DESCRIPTION OF THE TASK:
When you reach the line with "ROSSINI ILLUMINAZIONE - SOSPENSIONE" in the data below, begin printing lines exactly, and stop once the line with "Vintage 925 needle enamel flower ear studs" has been printed.

GIVEN DATA:
※ ※ ※
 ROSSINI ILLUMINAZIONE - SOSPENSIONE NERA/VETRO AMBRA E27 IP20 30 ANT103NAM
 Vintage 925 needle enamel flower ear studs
※ ※ ※
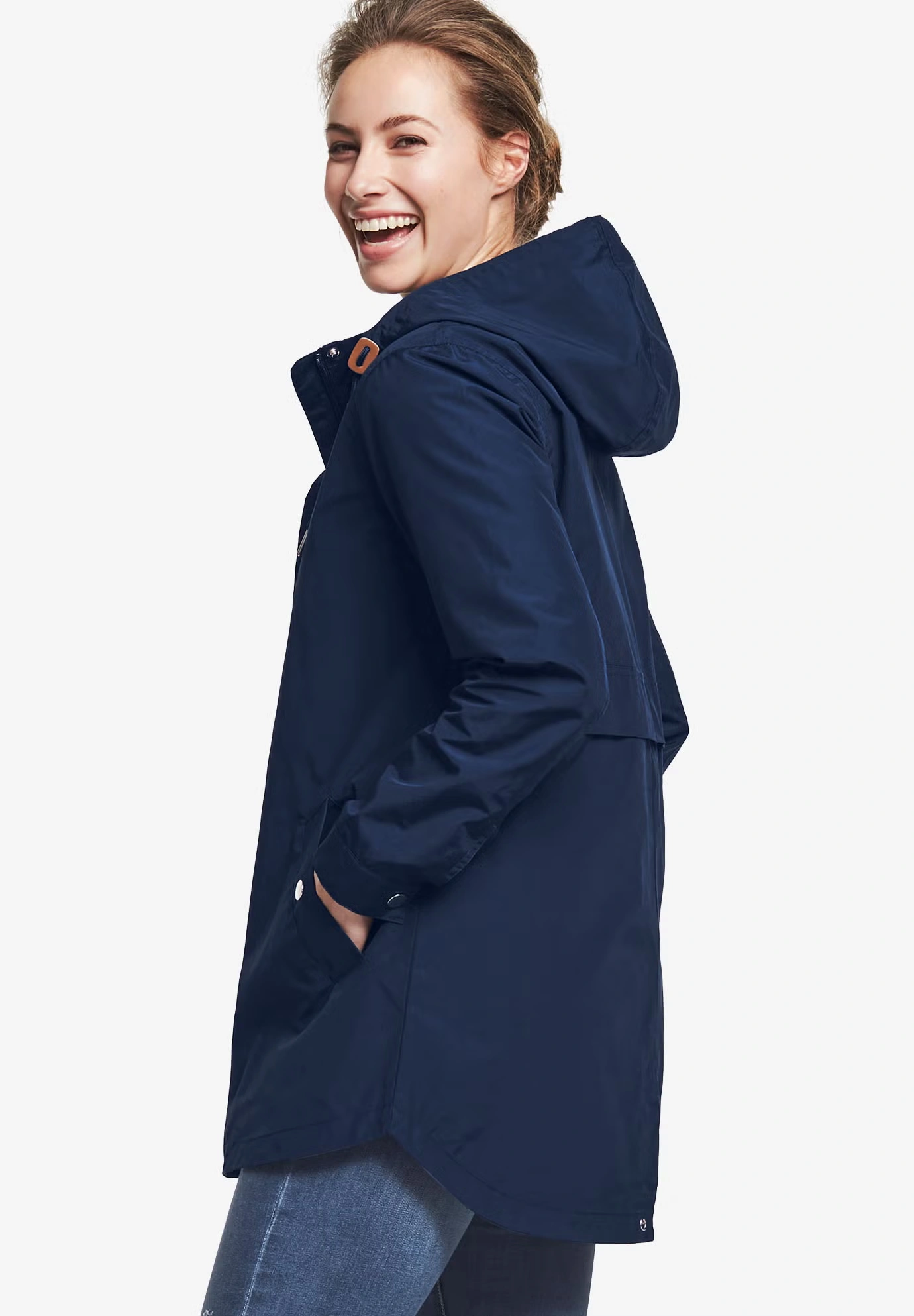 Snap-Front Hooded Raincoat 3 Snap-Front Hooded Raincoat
※ ※ ※
PROBLEM SOLUTION:
 ROSSINI ILLUMINAZIONE - SOSPENSIONE NERA/VETRO AMBRA E27 IP20 30 ANT103NAM
 Vintage 925 needle enamel flower ear studs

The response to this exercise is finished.